Well, it may be a palace but it is still only a ‘semi, which sort of also lends new meaning to the term, ‘Gated Institution’. ‘Gates’ being how the Caryatids are now described, and it is not your usual film noir location either, although the front rooms were once let as apartments. It is so spacious that in the film Holly has to run everywhere so as not to call attention to the fact.
‘Melete – practice born of the movement of water’ will keep me busy for awhile but it may be referring to emotion, and hence ‘motives’…
Sure enough, the character of Anna is given most of the pivotal lines of the film. When asked if she loved Harry she says, ‘How can you know something like that afterwards? All I know is that I want to be dead too.’
As improvements to the facade ‘Our Ladies’ were introduced to better fit the other three sides of the square. They may have tried to outdo what was already there as a statement of defiance. The missing Golden Globe would have been removed to preserve the view out of one of the windows.

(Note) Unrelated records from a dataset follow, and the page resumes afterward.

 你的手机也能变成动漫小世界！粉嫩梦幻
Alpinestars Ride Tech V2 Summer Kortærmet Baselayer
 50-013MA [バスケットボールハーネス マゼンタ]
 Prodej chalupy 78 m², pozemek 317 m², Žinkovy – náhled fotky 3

‘Mneme – memory making sound by striking the air’ is even more obscure but calls to mind the sound of one hand clapping. It may be referring to the ‘echo’, which gives us memory as an echo chamber.

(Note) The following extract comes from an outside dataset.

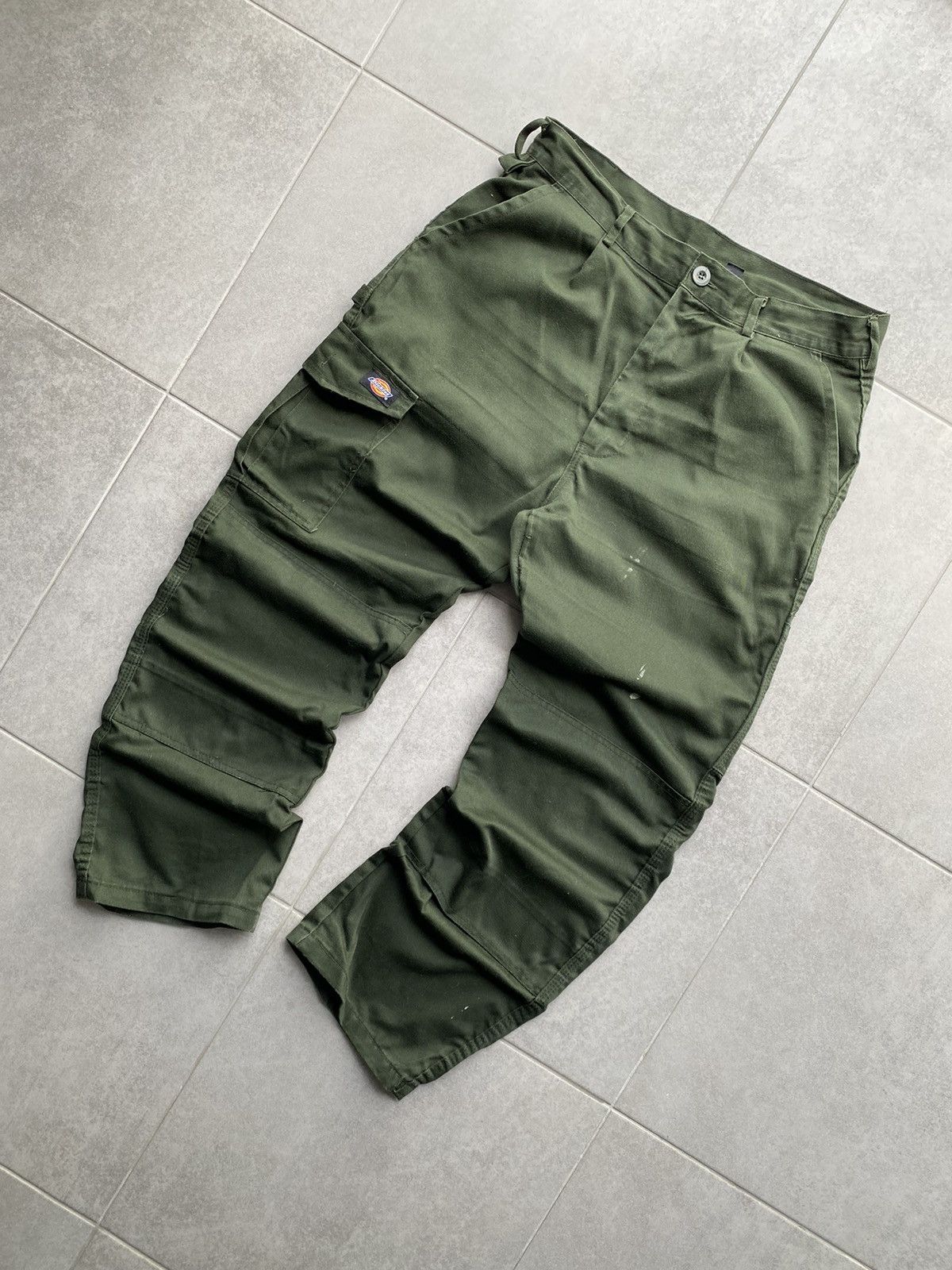 Dickies Workwear Pants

When Holly stops by at a bad time, Anna says, ‘I’ve been frightened, I’ve been alone, I’ve been without friends and money but I’ve never know anything like this.’ Presumably, the trace of Harry’s memory.
The Fries family who owned the Palace for a time were bankers. The double-headed eagle is an emblem of the Austrio-Hungarian Empire but it is also Masonic and for them signifies, The Master Heirophant of the thirty-third degree, whatever that means!
Nine squares eh… I could not get up close enough to see that… and the Golden Fleece.
Hardly what one could call hidden in plain sight, more proclaimed from the roof-tops.
Masonic symbols are also liberally scattered around the base of all the other globes.
So yes, I think we can safely say that it is most definitely all exceedingly Count Dashwood!
When Holly discovers the extent of Harry’s racketeering Anna says, ‘Stop making him in your image. Harry was real. He wasn’t just your friend and my lover. He was Harry.’ Which to my mind effectively raises the queston of just what it means to be real. If this question is a primary concern of the film then we may well be justified in employing a psychological approach to garner an interpretation.
Old moors never die, they just grow greener…
Hence, presumably ‘Ode’… as in Odeon, which would be song as film.
I bet old Sherbet Snout had something to say about that while he was singing at the spiders and flies, and the bird’s, although not usually the big ones.
What he would make of a double-headed eagle is anyone’s guess.